Reden tot bezorgdheid is er wel. Van alle online winkelopbrengsten gaat immers meer dan de helft naar buitenlandse sites.

Ondernemer Bart Van der Leenen lanceerde daarvoor even geleden het idee van een ‘Vlaamse e-commerce hub’, een gigantisch logistiek centrum dat alle aspecten van e-commerce uitvoert voor de duizenden kleine ondernemingen wiens middelen en tijd daarvoor tekort schieten.

Prima idee. Online handel hoeft inderdaad niet het speelterrein te zijn van buitenlandse mastodonten. Elke winkel zou zijn koek van de online handel moeten kunnen meepikken.

Een Vlaamse superhub is er dan nog niet gekomen, vele Vlaamse winkels vinden wel hun weg naar soortgelijke platformen die het online aspect voor hen regelt.
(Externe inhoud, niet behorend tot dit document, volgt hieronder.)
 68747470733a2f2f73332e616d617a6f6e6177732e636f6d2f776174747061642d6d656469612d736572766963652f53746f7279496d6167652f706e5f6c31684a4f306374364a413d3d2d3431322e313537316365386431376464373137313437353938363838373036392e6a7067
Zou het geen veel beter voorstel zijn om deze stap fiscaal aan te moedigen voor onze Vlaamse detailhandel, in plaats van een nieuwe ondernemingsbelasting in te voeren? Eerlijk, ik snap nog steeds niet hoe dit idee door de mazen van de N-VA studiedienst is kunnen glippen.

Spelen fysieke winkels dan geen rol meer? Integendeel. Bloeiende stadskernen zijn meer dan ooit de toekomst. Van Kortrijk tot Mechelen: veel steden maken van handelskernversterking meer dan alleen maar een ambtenarenterm.

Dat kost inderdaad moeite, veel moeite. Wie tijd te over heeft moet het strategisch plan “Mechelen winkelstad” maar eens doornemen. Daarin staat mooi beschreven wat de échte uitdagingen zijn om offline winkelen mee te laten groeien met e-commerce: aantrekkelijke weginrichtingen, lokaal ondernemen promoten, woon-en werkactiviteiten op elkaar aansluiten en heel goed nadenken of we gigantische shoppingcentra in de buurt van steden wel nodig hebben.

Dit moet aangevuld worden met lagere ondernemingsbelastingen, geen hogere zoals nu wordt voorgesteld. Door de taxshift werden de patronale lasten om personeel aan te werven al gevoelig verlaagd. Nu moet de vennootschapsbelasting dezelfde dalende weg op.

En ik kan N-VA, de partij van Grete Remen, enkel aanraden in eigen boezem te kijken. In plaats van te klagen over e-commerce is het misschien tijd dat minister Muyters die gedateerde lokale belastingen op drijfkracht, reclameborden en ‘materiaal & outillage’ (de term alleen al) definitief naar de vorige eeuw katapulteert. Als offline winkelen wil samenleven met e-commerce, moet de fiscaliteit dringend een update krijgen.

Ik geef toe, het is veel werk. ‘Een belasting op Bol.com invoeren!’ is veel eenvoudiger om uit te leggen. Het zou politici echter sieren mochten ze hun kiespubliek niet misleiden met dit soort van retoriek.

Het idee dat je internethandel anno 2017 zomaar kan opdelen in een afzonderlijk Vlaams en een ander, wereldwijd deel is absurd. Zowel de Vlaamse consument als onze ondernemingen verdienen beter. Het wordt hoog tijd dat we e-commerce omarmen in plaats van tegen werken.